Reading Music and Reading Words Are Very Similar

Learning how to read music—specifically sight-reading—can be a challenge for a beginner musician. However, it does not have to be that difficult.  In fact, if you have the skills needed to read this article you already have some of the basic skills required to read sheet music. The trick is learning to take these everyday skills and employing them in a new capacity.

Discovering and Recognizing Patterns

At its core, spoken language is a musical phenomenon that uses controlled tone, pitch, and rhythm to convey meaning through sound. Each of these sounds is represented by a single, pair, or grouping of letters collectively referred to as an alphabet. When learning to read written language, our first attempts are characterized by the slow and rigorous process of sounding out each letter to produce words, sentences, paragraphs, stories, and eventually complex narratives depicting abstract ideas and emotions.

The chore of learning to read by sounding out individual letters is soon abandoned, however, and the act of reading becomes more an act of recognizing familiar and contextual patterns than an attempt to reproduce isolated sounds. On the simplest level, these patterns represent various grammatical, spelling, and usage rules that help the reader interpret the meaning intended by the writer. At their most complex, these patterns can communicate cultural information and emotional nuances that would be impossible to depict through symbols alone.

The process of reading music is essentially the same. In the same way the beginning reader translates the sound of each letter to the vocal chords, the music learner must slowly process each individual note written on the page and assign to it a singular sound from his or her instrument. This sound is then consciously assigned a particular movement of the hand, bow, or guitar pick. As the student progresses, he or she begins to recognize certain patterns of notes that are commonly used together in the form of scales, keys, and chord progressions in much the same way that the beginning reader recognizes the patterns of written language. 

How Are Patterns Useful?

Whether reading a play written by William Shakespeare or a composition penned by Mozart, recognizing patterns allows us to organize and interpret much larger pieces of information than individual notes and letters do when interpreted in isolation. In written language, patterns are established through the use of assonance, alliteration, onomatopoeia, rhyme schemes, and countless other literary devices that carry meaning. In music, meaningful patterns exist in the form of scales, intervals, keys, and chords. For example, minor chords are often described as sad chords and tend to convey feelings of longing or loss when played.

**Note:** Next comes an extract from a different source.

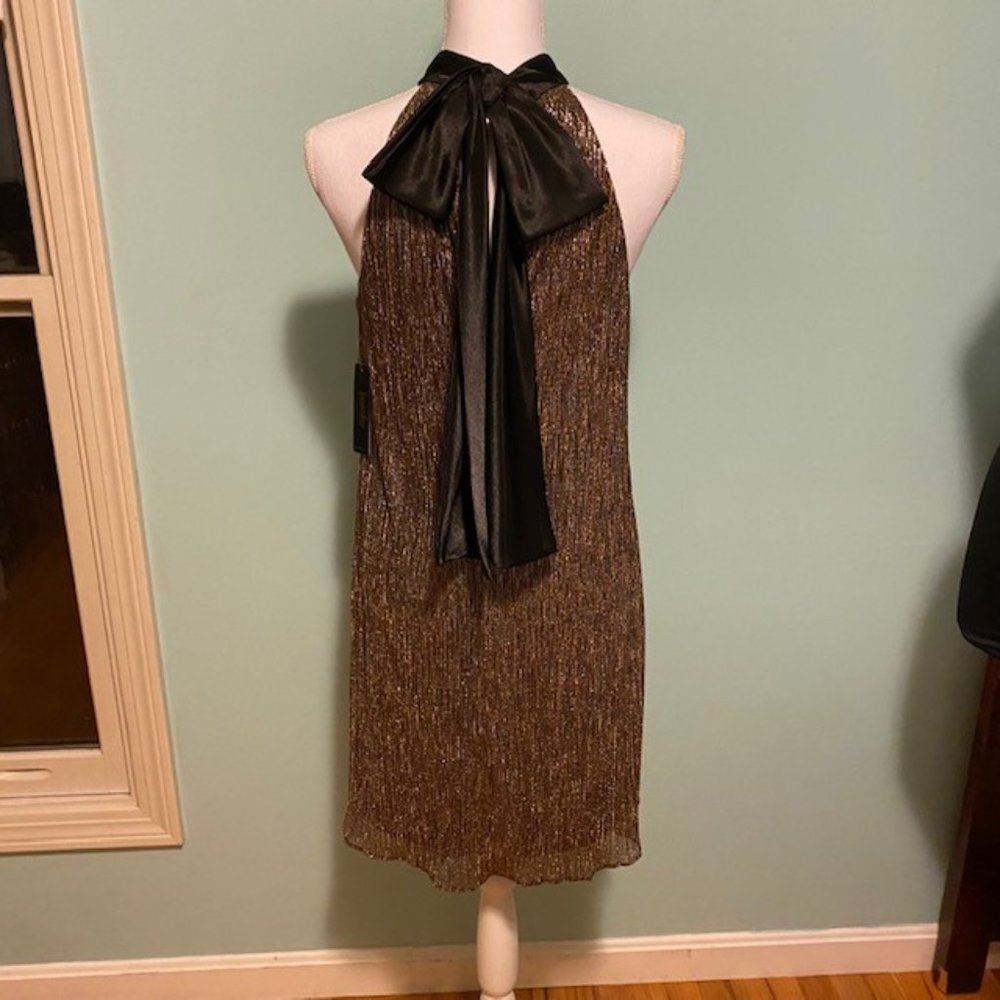 Laundry by Shelli Segal Gold Silver‎ Shift Dress, Size 6, NWT, FLAWLESS - Picture 6 of 16
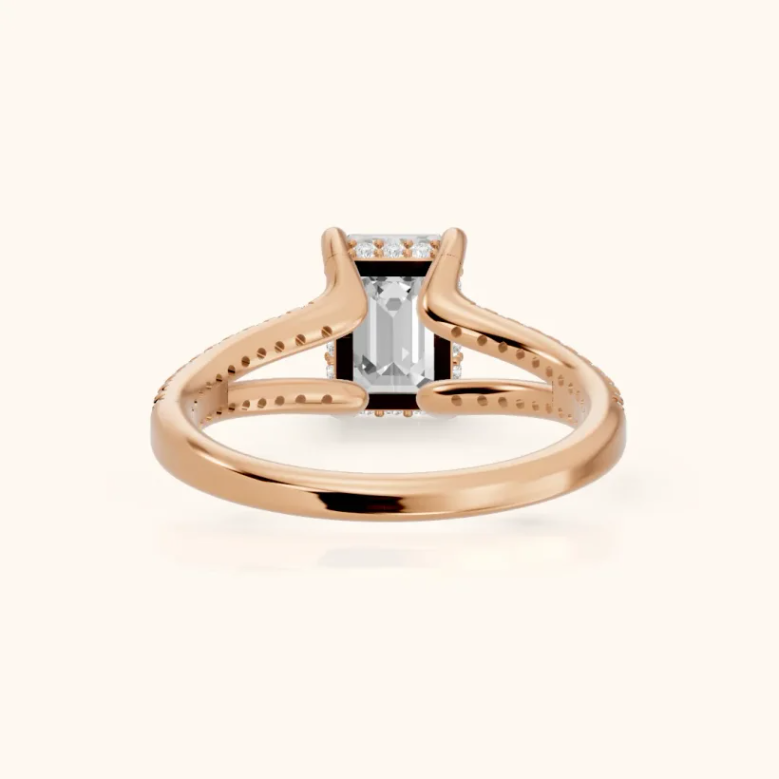 Emerald Diamond Engagement & Wedding Ring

In both written language and music, it is when the reader learns to recognize and decode the patterns contained within that he or she can recreate not only the sounds and basic meaning, but the abstract, emotional themes as well.

Hear the Word

To illustrate this concept, look at anything with words on it—a billboard, a magazine, an internet page, etc.—and try not to read it.  As hard as you may try not to read it, you will find that when you see the words, you will hear them in your head. To accomplish this, you did not sound out each letter to translate the word, instead you simply recognized the familiar pattern of letters that informed you what the word was and what it sounded like. This can happen in an instant, and from here we can begin to derive the literal and figurative meaning contained within the word. Is it a word that evokes happiness, a struggle, or a geographical location? This is exactly how experienced musicians use sheet music to understand the intentions of a composer.

As one becomes more experienced at reading music, the notes on the page will begin to sound in the reader’s inner ear. A sense of tempo and duration becomes more inherent.  Following a natural progression in both reading words and music increases the natural fluidity of the student. In music, the student’s progress can be enhanced by learning to sing, just as knowing how to speak enhances the student’s ability to read.